Erythema nodosum Flashcards
What is erythema nodosum?
Caused by?
Erythema nodosum is a condition where red lumps appear across the patient’s shins. Erythema means red and nodosum directly translates from Latin as “knots”, referring to lumps.
It is caused by inflammation of the subcutaneous fat on the shins. Inflammation of fat is called panniculitis. It is caused by a hypersensitivity reaction. In around half of patients there is no identifiable cause. It is associated with a number of triggers and underlying conditions.

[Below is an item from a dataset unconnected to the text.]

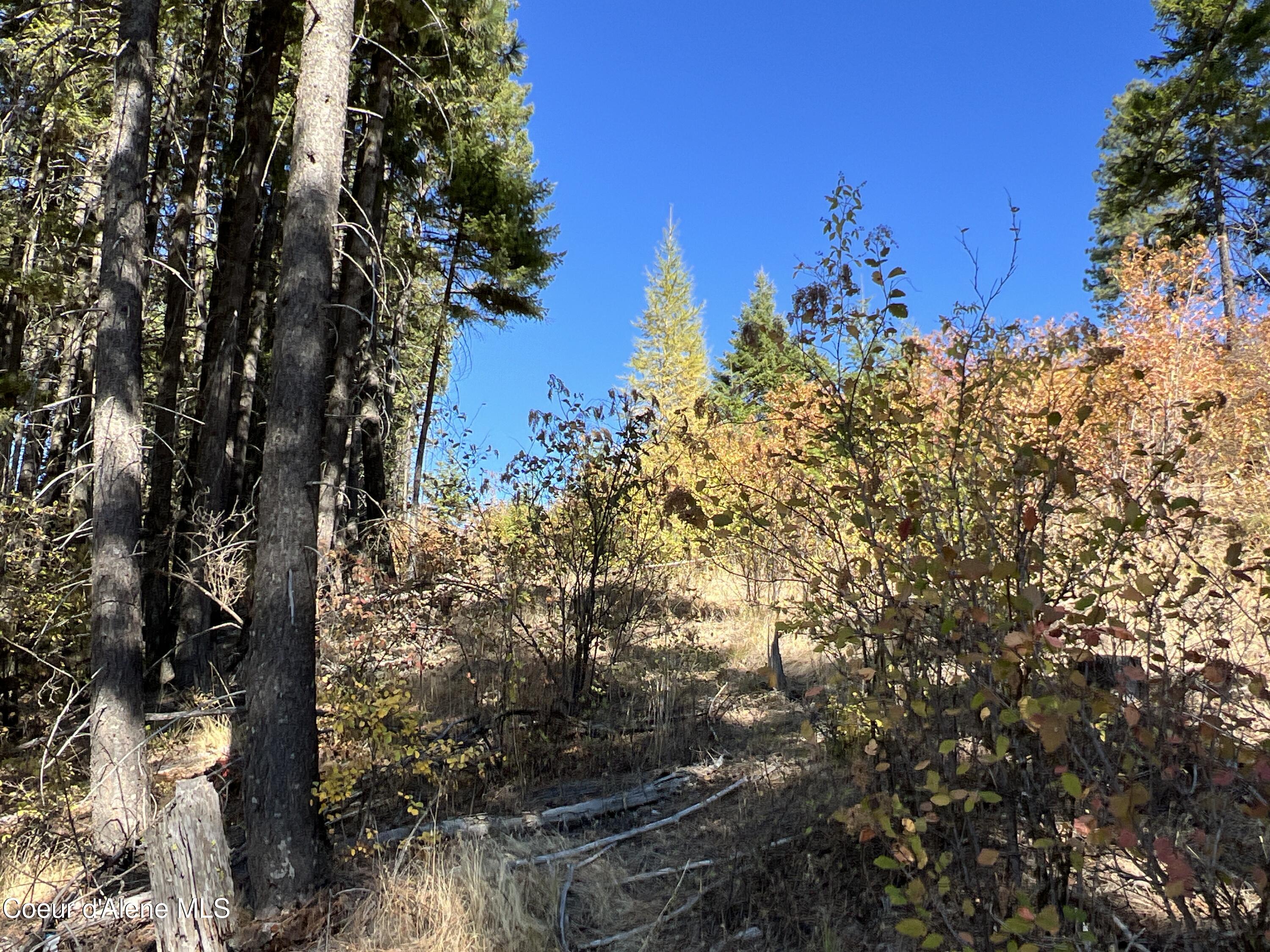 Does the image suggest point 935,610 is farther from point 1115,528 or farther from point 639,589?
point 639,589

Associations erythema nodosum?
Erythema nodosum is caused by a hypersensitivity reaction, and there is often an identifiable cause:
Streptococcal throat infections
Gastroenteritis
Mycoplasma pneumoniae
Tuberculosis
Pregnancy
Medications, such as the oral contraceptive pill and NSAIDs
It is also associated with chronic diseases:
Inflammatory bowel disease
Sarcoidosis
Lymphoma
Leukaemia
TOM TIP: Erythema nodosum often indicates inflammatory bowel disease or sarcoidosis in exams.
Presentation erythema nodosum?
Erythema nodosum presents with red, inflamed, subcutaneous nodules across both shins. The nodules are raised and can be painful and tender. Over time the nodules settle and appears as bruises.
When you suspect someone has erythema nodosum it is important to look for signs and symptoms of potential triggers and underlying medical conditions.
Investigations?
The diagnosis of erythema nodosum is based on the clinical presentation. Investigations can be helpful in assessing the underlying cause:
Inflammatory markers (CRP and ESR)
Throat swab for streptococcal infection
Chest xray can help identify mycoplasma, tuberculosis, sarcoidosis and lymphoma
Stool microscopy and culture for campylobacter and salmonella
Faecal calprotectin for inflammatory bowel disease
Further imaging and endoscopy may be required under specialist guidance.
Management?
Management mainly involves investigating for an underlying condition and treating the underlying cause.
Erythema nodosum is managed conservatively with rest and analgesia. Steroids may be used to help settle the inflammation.
Most cases will fully resolve within 6 weeks, however it can last longer.